The Employment Cost Index, the broadest measure of labor costs, rose 0.7 percent after advancing by the same margin in the fourth quarter, the Labor Department said on Tuesday.
That lowered the year-on-year rate of increase in the ECI to 2.8 percent. Labor costs rose 2.9 percent in the fourth quarter, which was the largest gain since June 2008.
Economists polled by Reuters had forecast the ECI would rise 0.7 percent in the January-March period.
The ECI is widely viewed by policymakers and economists as one of the better measures of labor market slack. It is also considered a better predictor of core inflation.
Gains in labor costs have remained moderate despite growing anecdotal evidence of companies struggling to find workers. The unemployment rate is hovering at 3.8 percent, close to the 3.7 percent that Federal Reserve officials projected it would be by the end of the year.
The report came on the heels of data on Monday showing a key measure of inflation increased 1.6 percent in the 12 months to March, the smallest gain in 14 months, retreating further from the Fed’s 2 percent target. The continued signs of benign inflation support the U.S. central bank’s recent decision to suspend further interest rate increases this year.
Fed officials were scheduled to start a two-day meeting policy meeting later on Tuesday. The Fed in March dropped forecasts for any rate increases this year, halting a three-year policy tightening campaign. The central bank raised borrowing costs four times in 2018.

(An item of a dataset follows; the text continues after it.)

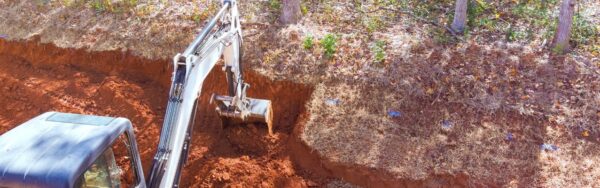 A yellow excavator with a bucket attachment digs into brown soil at a wooded construction site surrounded by mature trees.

In the first quarter, wages and salaries, which account for 70 percent of employment costs, increased 0.7 percent after rising 0.6 percent in the prior period. Wages and salaries were up 2.9 percent in the 12 months through March. That followed a 3.1 percent gain in the year through December.
Private sector wages and salaries rose 0.7 percent in the first quarter, matching the prior period’s increase. They were up 3.0 percent in the 12 months through March after rising 3.1 percent in the year through December.
State and local government wages and salaries increased 0.6 percent after a similar gain in the fourth quarter.
Benefits for all workers rose 0.7 percent in the January-March quarter, matching the fourth quarter’s increase. They were up 2.6 percent in the 12 months through March after rising 2.8 percent in the year through December.